Le Japon est l’un des pays au monde les plus touchés par le vieillissement
de sa population et par le déclin démographique.

À plus longue échéance, le manque de main d’œuvre reste d’actualité même si le gouvernement assouplit quelque peu sa politique migratoire et qu’un réservoir de bras subsiste dans le pays – notamment les femmes. Le Japon est l’un des pays au monde les plus touchés par le vieillissement de sa population et par le déclin démographique. Il est communément admis que depuis 2008, le pays perd l’équivalent d’une ville moyenne par an. Cette tendance structurelle de fond concerne particulièrement l’ingénierie et la santé.

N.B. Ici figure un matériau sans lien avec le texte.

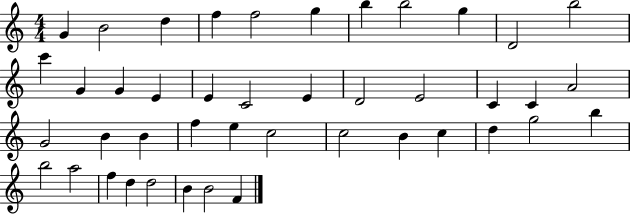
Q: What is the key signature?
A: C major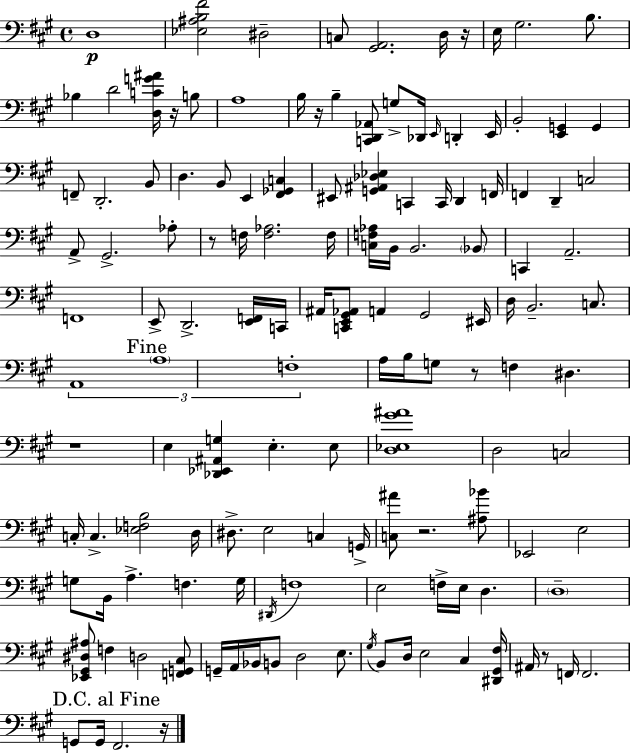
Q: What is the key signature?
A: A major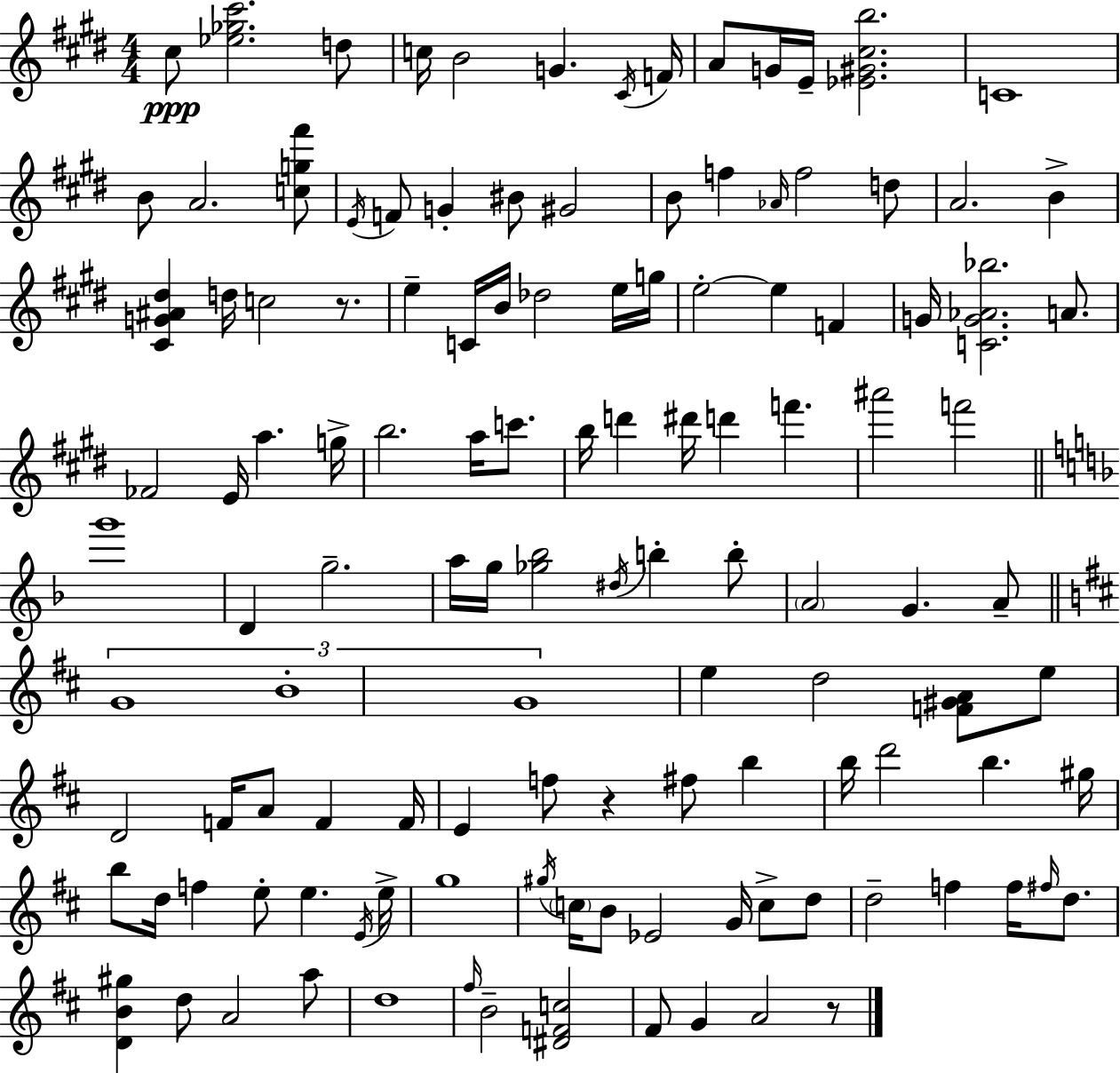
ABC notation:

X:1
T:Untitled
M:4/4
L:1/4
K:E
^c/2 [_e_g^c']2 d/2 c/4 B2 G ^C/4 F/4 A/2 G/4 E/4 [_E^G^cb]2 C4 B/2 A2 [cg^f']/2 E/4 F/2 G ^B/2 ^G2 B/2 f _A/4 f2 d/2 A2 B [^CG^A^d] d/4 c2 z/2 e C/4 B/4 _d2 e/4 g/4 e2 e F G/4 [CG_A_b]2 A/2 _F2 E/4 a g/4 b2 a/4 c'/2 b/4 d' ^d'/4 d' f' ^a'2 f'2 g'4 D g2 a/4 g/4 [_g_b]2 ^d/4 b b/2 A2 G A/2 G4 B4 G4 e d2 [F^GA]/2 e/2 D2 F/4 A/2 F F/4 E f/2 z ^f/2 b b/4 d'2 b ^g/4 b/2 d/4 f e/2 e E/4 e/4 g4 ^g/4 c/4 B/2 _E2 G/4 c/2 d/2 d2 f f/4 ^f/4 d/2 [DB^g] d/2 A2 a/2 d4 ^f/4 B2 [^DFc]2 ^F/2 G A2 z/2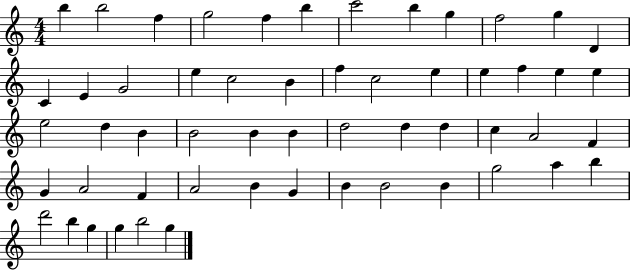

Une réponse aux problèmes climatiques

Autre thème intéressant: tout ce qui est lié aux critères environnementaux, sociaux et de gouvernance. Alors que les investisseurs notamment institutionnels se doivent d’aborder la question de la durabilité de leur placement, les entreprises japonaises proposent de nombreuses réponses aux questions posées par ces défis. Un exemple? Les véhicules propres et intelligents. Le secteur automobile a particulièrement souffert en 2019 en raison de l’affaiblissement de la conjoncture mondiale. Mais dans des ventes en recul, les véhicules électriques ont vu leur part de marché croître. Et le renforcement de la thématique climatique sur le plan mondial est un soutien de taille à ce marché pour lequel les entreprises japonaises sont particulièrement bien armées.

À ces éléments s’ajoutent les fondamentaux des valeurs japonaises, comme l’amélioration de la gouvernance et des bilans des entreprises. Autant d’atouts qui peuvent s’avérer intéressants pour un investisseur en quête de diversification responsable de son portefeuille. Qui plus est au lendemain d’une correction. À condition bien sûr que l’état de l’économie mondiale le permette.